> [TASK REQUIREMENTS] All of the data below should be repeated exactly. Pictures should not be included.

> [DATA BELOW]
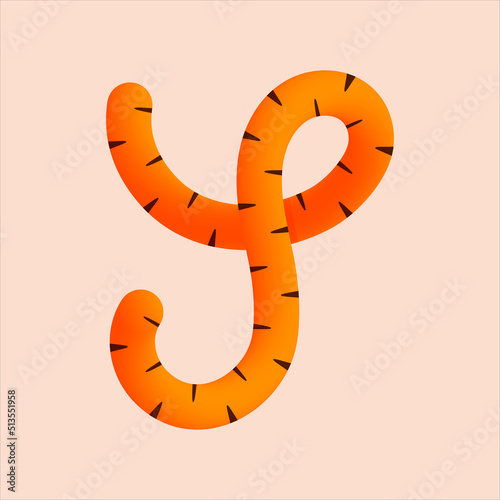 Wallpaper Mural Y letter tiger tail design. Vector animal, wildlife isolated font for logo, app logo, wild life concept, animal poster headlines and more Torontodigital.ca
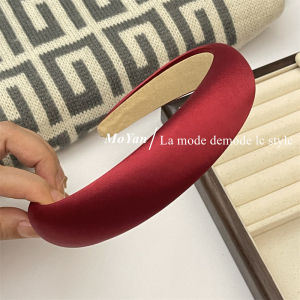 Early Spring Super White New Year Retro Red Satin Skull Top Headband Female Grade Sense Hairpin with Broad Edge Headband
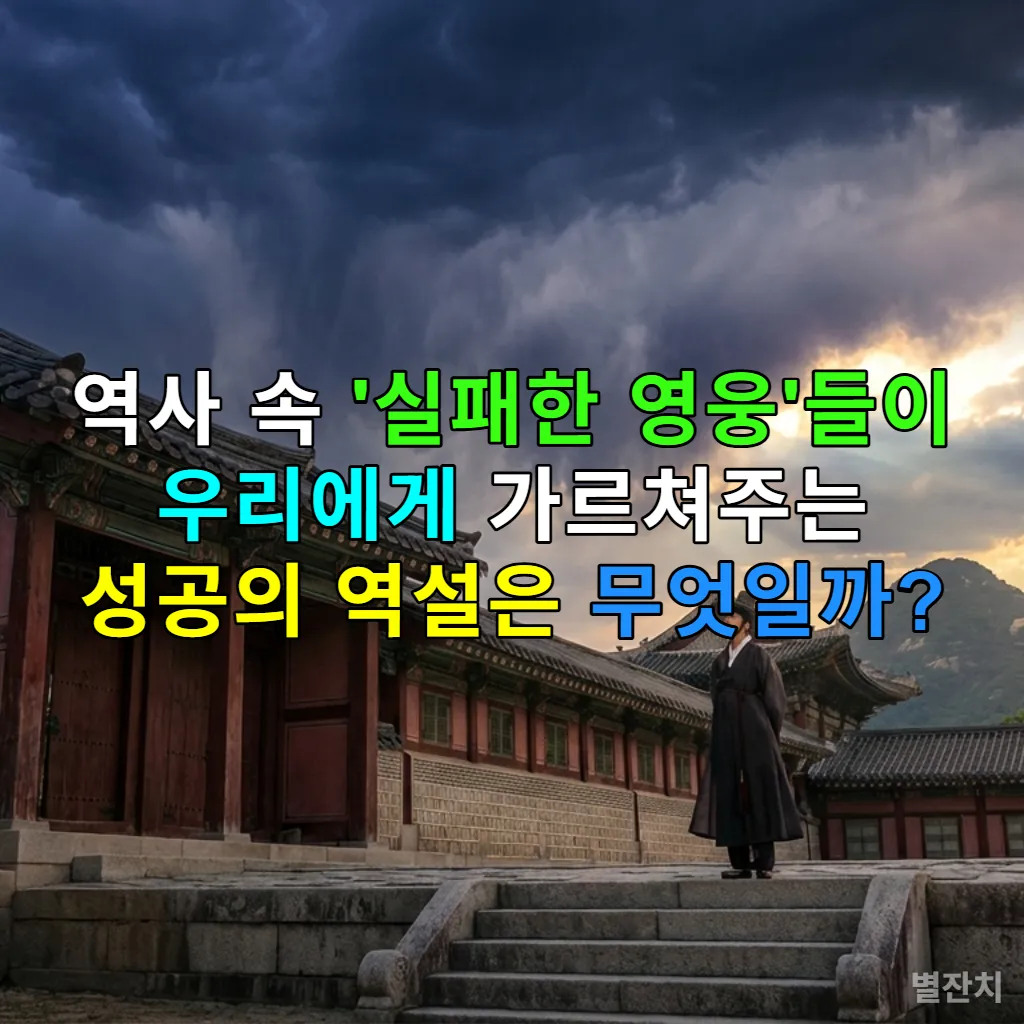 고대 한국 궁궐 앞에서 하늘을 바라보는 한복 입은 인물의 뒷모습. 어두운 구름과 한 줄기 희망의 빛이 공존하는 하늘.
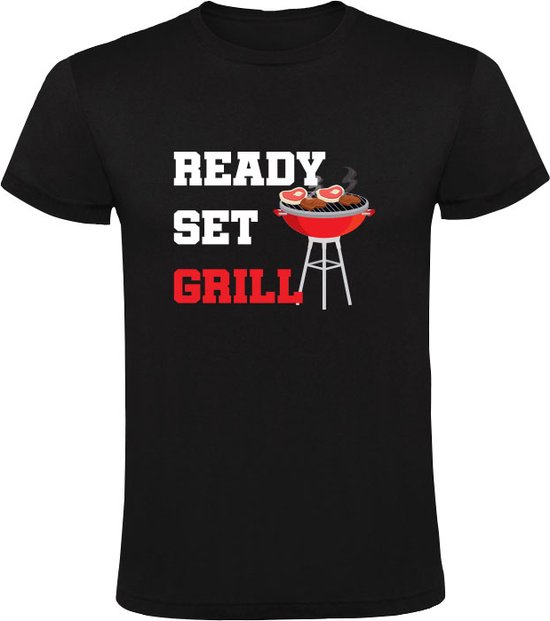 T-shirt homme prêt à l'emploi | BBQ | viande | Steak de bœuf | cuisines | Manger | chef | Noir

> [ANSWER AREA]
 Wallpaper Mural Y letter tiger tail design. Vector animal, wildlife isolated font for logo, app logo, wild life concept, animal poster headlines and more Torontodigital.ca
 Early Spring Super White New Year Retro Red Satin Skull Top Headband Female Grade Sense Hairpin with Broad Edge Headband
 고대 한국 궁궐 앞에서 하늘을 바라보는 한복 입은 인물의 뒷모습. 어두운 구름과 한 줄기 희망의 빛이 공존하는 하늘.
 T-shirt homme prêt à l'emploi | BBQ | viande | Steak de bœuf | cuisines | Manger | chef | Noir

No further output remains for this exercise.